Il est hors de question de s’arrêter là pour manger. Nous décidons de continuer jusqu’au Lac Vert pour nous mettre à l’abri. Jean-Pierre sort un sachet de fruits secs. Le sachet passe de main en main. Çà fait du bien. Nous nous extirpons prudemment du chaos de pierre. Chacun de nous en redescend à sa manière.

 

 

 

Nous continuons en direction du Gazon de Faîte (alt. 1 303 m).

 

 

Le vent souffle en petits tourbillons rageurs. Il fait courir sur la neige une fine pellicule de grésil formant ici et là des congères, ou s’accumulant derrière les obstacles, un arbre ou un piquet de clôture.

 

 

Il se calme par moments, puis reprend selon l'endroit où nous nous trouvons.

 

Le froid et la neige n’entravent pas notre marche, même si parfois ils la ralentissent.  

Comme les mécanismes d'acier et de fonte, celui de l'homme a ses règles inéluctables pour bien fonctionner et fournir à l'occasion un effort particulier. Plus notre corps est préparé en vue de ce que nous allons exiger de lui, moins grande sera la dépense d'énergie. Dès lors nous jouissons plus complètement de notre excursion, puisque la fatigue ne vient pas l'assombrir.  

 

 

 

Nous arrivons à une table d’orientation. Après avoir balayé d’un revers de la main la neige qui la recouvre, nous essayons d’identifier les paysages lointains. Nous avons un doute en ce qui concerne une ville que nous apercevons au loin (Saint-Dié ou pas ?...). Nous n’avons pas le temps de nous appesantir sur la question d’autant plus qu’il fait froid.

 

 

 

Nous prenons la mesure de notre place dans le monde.

 

  

Nous quittons la ligne de crête pour prendre la direction du sentier panoramique.

 

 

Le sentier est recouvert par la neige. Nous devons le deviner. Nous essayons de suivre des traces de pas qui doivent être celles de la jeune femme que nous avons croisée plus tôt. De temps en temps nos pieds s’enfoncent dans la neige jusqu’aux chevilles. Nous devons parfois franchir des congères. C’est assez fatiguant. Des raquettes seraient très utiles. 

 

 

Nous passons par le lieu-dit « Ringbuhl ».

 

Nous descendons au lieu-dit « Dreieck » (alt. 1 225 m) alors que des bancs de nuages commencent à envahir le ciel par l’ouest, signe de mauvais temps.

 

 

De là nous descendons au Lac Vert ou Lac de Soultzeren (alt. 1 053 m).

 

 

Le vent cesse brusquement.

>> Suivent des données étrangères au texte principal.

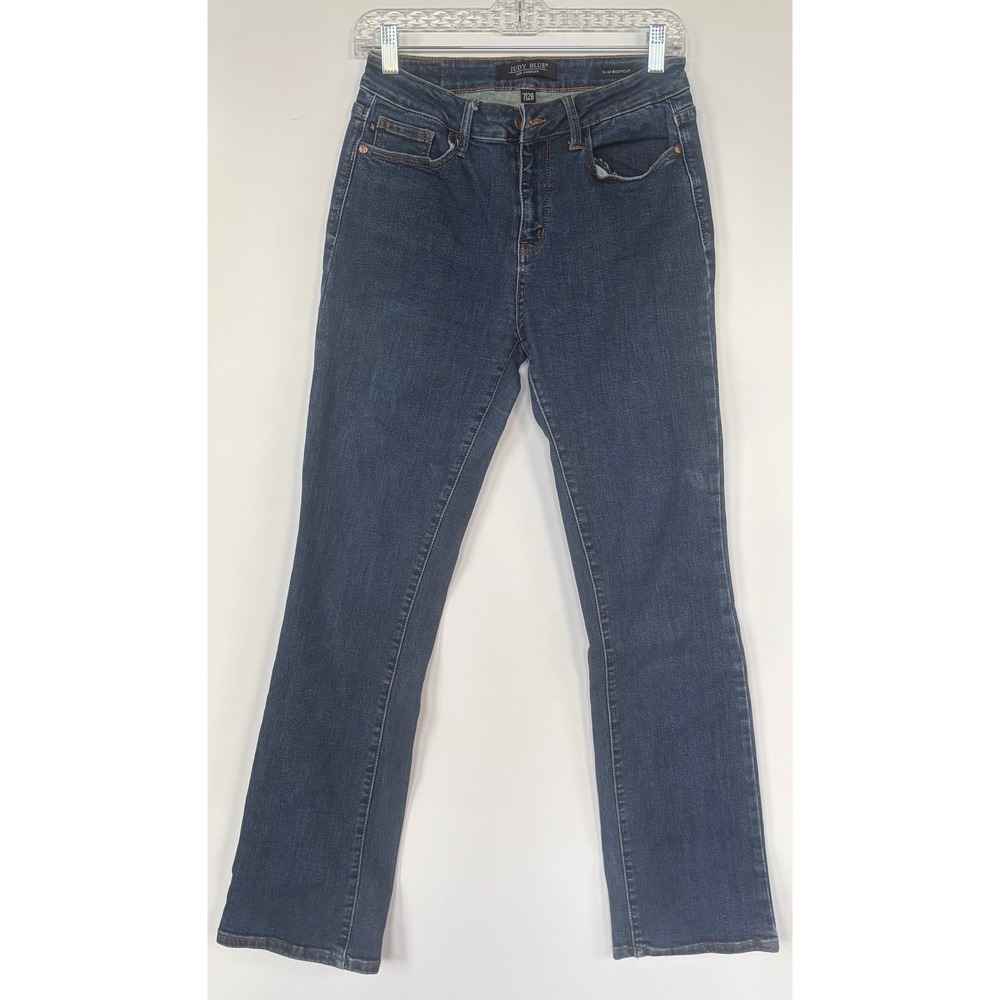 Judy Blue Womens Slim Bootcut Jeans Size 7/28 Dark Wash Stretch Denim Style Blue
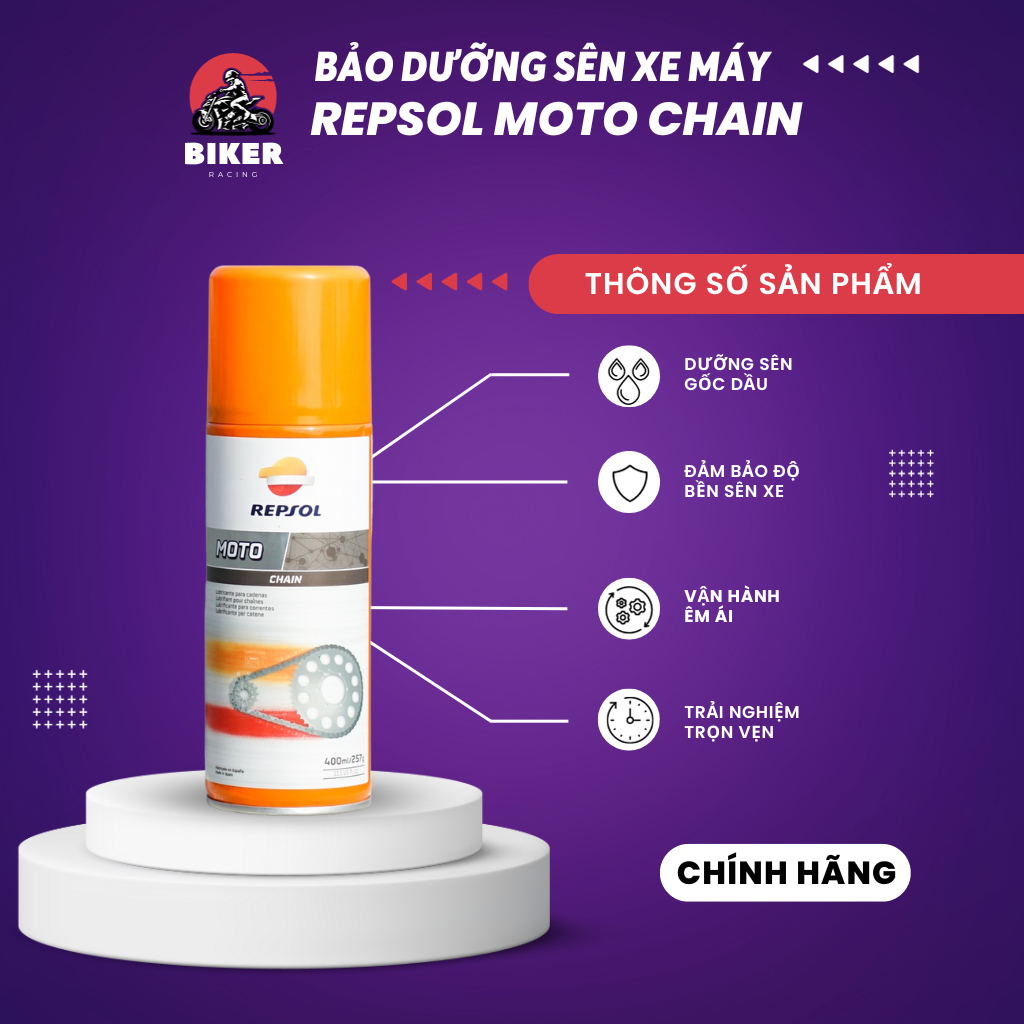 Chai xịt dưỡng sên REPSOL Bôi trơn xích REPSOL 400ML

Nous sommes à présent à l’abri.

 

Le Lac Vert doit son nom à la couleur qu'il prend en été et qui est due à la prolifération de plantes aquatiques. C'est un lac naturel dont on a surélevé le niveau pour en faire une réserve d’eau.

 

Il est 13 h 30 lorsque nous arrivons au Lac Vert.

 

 

Nous contournons le lac pour aller nous installer près d’une cascade où nous décidons de faire une pause. Le petit banc qui fait face au lac est recouvert de neige. Là encore, nous balayons la neige d’un revers de la main. Mais le banc est mouillé. Raphaël ne craint pas de s’y asseoir étant donné qu’il a revêtu une combinaison. Jean-Pierre et moi préférons poser nos séants sur un rocher.

 

Le chant de la cascade accompagne notre repas frugal. Nous mordons dans nos sandwichs avec appétit. Chacun sort sa thermos, et pour cause. Il faut se réchauffer. Jean-Pierre va même jusqu’à s’en mettre un peu partout. C'est pas trop grave.

 

Nous repartons à 13 h 44. Nous traversons une petite passerelle en bois pour longer la rive du lac sous le Tanet.

Nous empruntons un petit sentier très escarpé.

 

 

Nous passons à côté d’une jolie cascade.

 

 

Parvenus au barrage, nous jetons un dernier regard sur ce site qui, en été, doit grouiller de monde. Aujourd’hui, par la magie de l’hiver, la nature semble endormie, figée. Le temps semble retenir son vol. Nous ne manquons pas de saisir cet instant.

 

 

Nous passons à droite du déversoir, et descendons en direction du Col du Wettstein.

 

Nous suivons un chemin forestier à flanc de montagne. C'est un chemin qui est monotone. Nous marchons un peu par automatisme. Pour rompre cette monotonie, nous échangeons des propos divers. Nous refaisons le monde en quelque sorte.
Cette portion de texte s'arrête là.